Die "Bremer Kogge" von 1380 konnte nur 84 Tonnen transportieren. Damit ist ihre Poeler Schwester das bislang größte, gut erhaltene Wrack des Hochmittelalters. Der Ostseesand gab jeweils 15 Plankengänge an der Backbord- und Steuerbordseite frei. In einer Halle am alten Wismarer Hafen entsteht derzeit eine Replik im Maßstab 1:1, wobei die Aufbauten nach historischen Darstellungen ergänzt werden. Die Seitenhöhe von 4,2 Meter entspricht einem Modell, rekonstruiert Abmessungen der Wrackteile.

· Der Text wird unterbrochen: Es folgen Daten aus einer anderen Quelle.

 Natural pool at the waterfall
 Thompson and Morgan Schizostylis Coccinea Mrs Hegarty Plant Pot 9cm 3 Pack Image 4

Von den ABM-Kräften wird solide Zimmermannsarbeit verlangt: fünfzig Spanten müssen eingesetzt, elf Meter lange Planken über Wasserdampf gebogen werden. Rund 20 000 handgeschmiedete Stahlnägel werden den 85 Tonnen schweren Koloss zusammenhalten. Gesägte statt gespaltene Planken und Stahl statt Eisen sind kleine Abweichungen von der mittelalterlichen Bauweise. Ein weiterer Tribut an die Moderne sind zwei Wasserstrahltriebwerke. Projektleiter Günter Maelik ist zuversichtlich, dass die Kogge bis 2004, zur 775-Jahrfeier der Stadt Wismar, fertig wird.

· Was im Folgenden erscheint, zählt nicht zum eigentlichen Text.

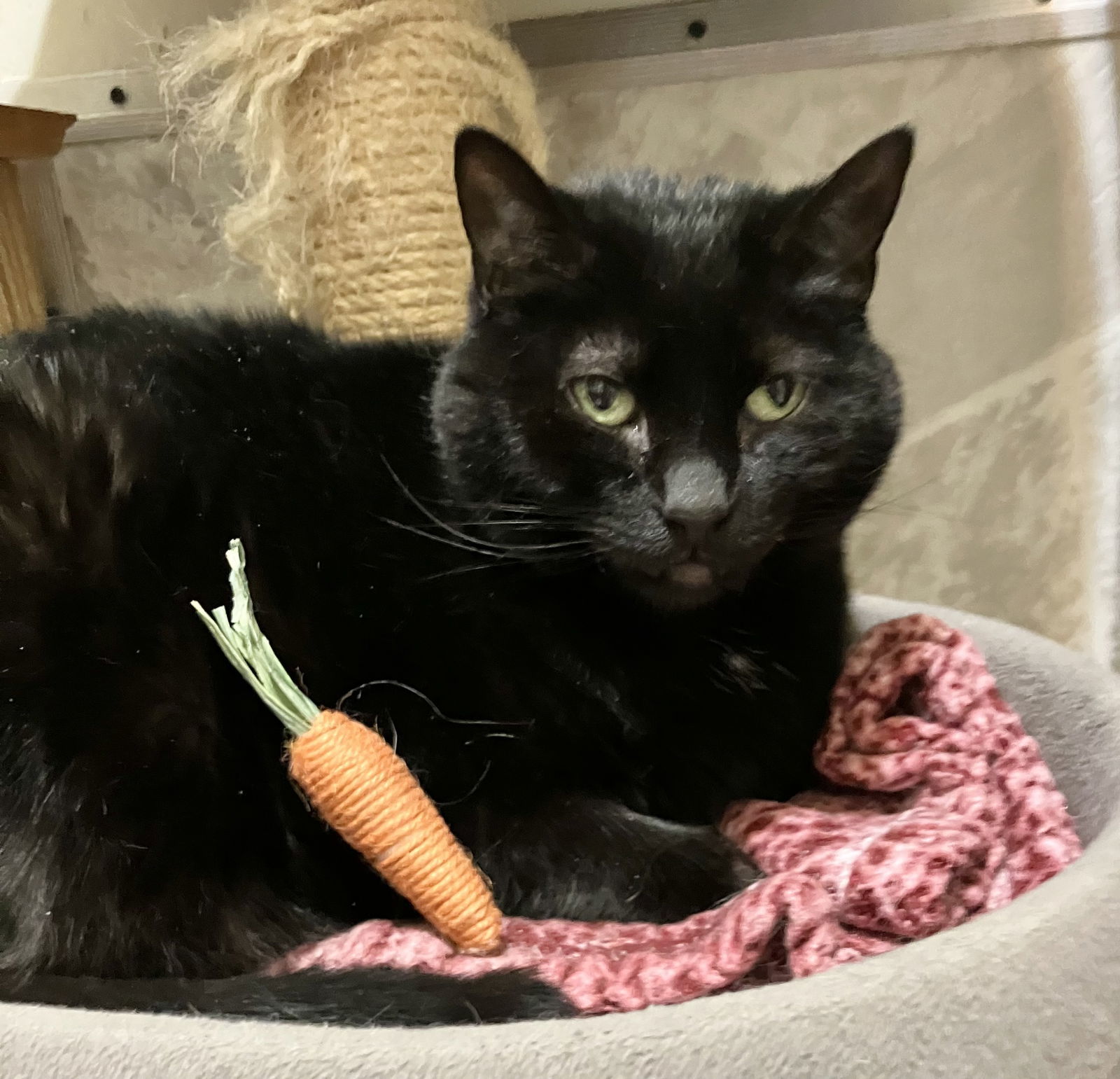 Salem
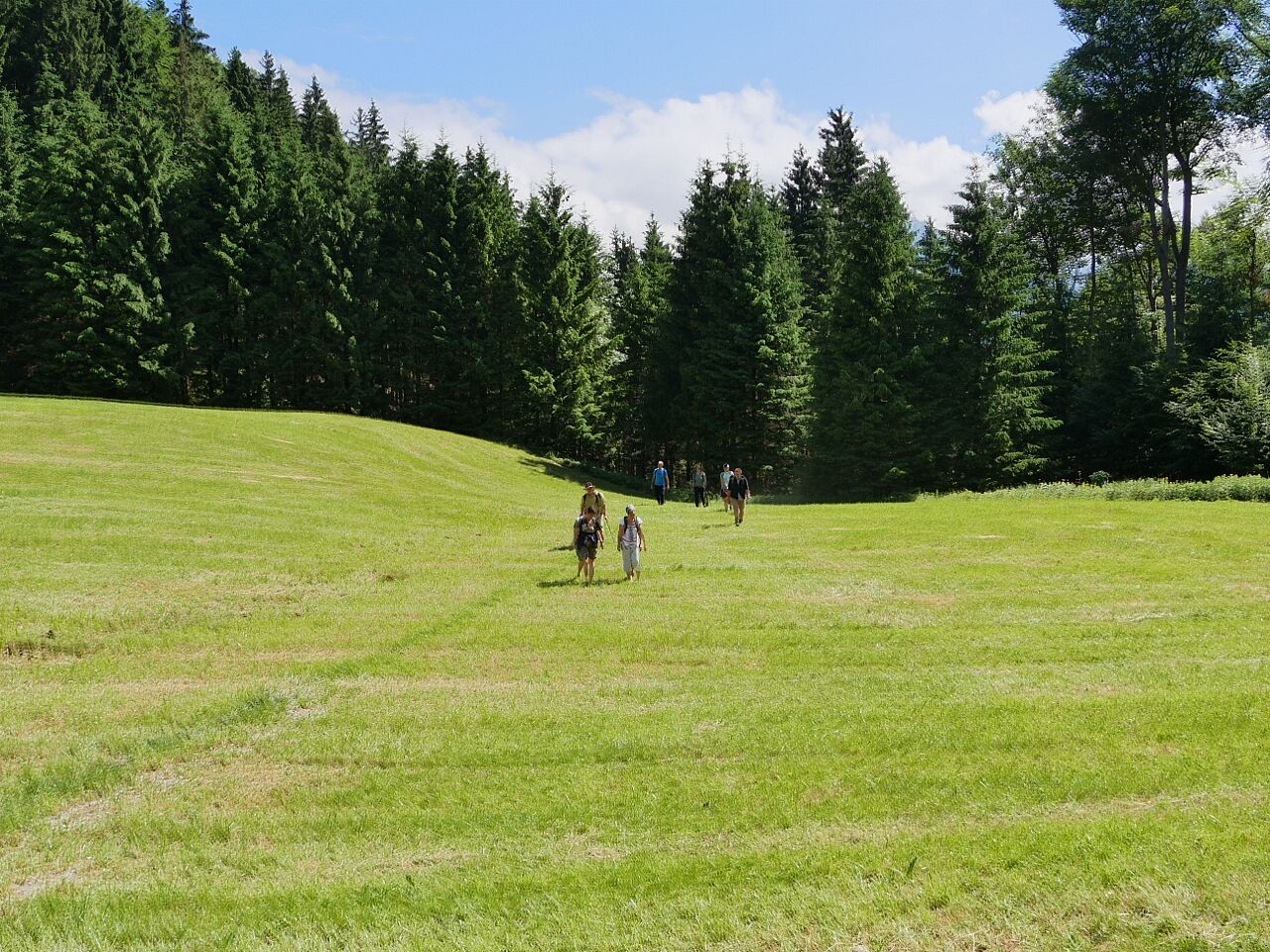 20210626 - BN-Tour zu den Feuerlilien am Rehleitenkopf - Foto: Klaus Grünebach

Trotz solcher Erfolge steckt die Unterwasserarchäologie in Deutschland noch in den Kinderflossen. Die finanzielle Ausstattung durch Landesämter und Universitäten entspricht nicht dem wissenschaftlichen Erkenntniswert dieser Disziplin. Viele Projekte laufen daher ehrenamtlich, etwa unter der Regie des Landesverbandes für Unterwasserarchäologie in Mecklenburg-Vorpommern e.V., dem vor allem Sporttaucher, Berufstaucher und Archäologiestudenten angehören. Auch ohne das Engagement der Besatzung des Forschungskutters "Seefuchs" wären viele Prospektionsfahrten auf der Ostsee gar nicht möglich gewesen.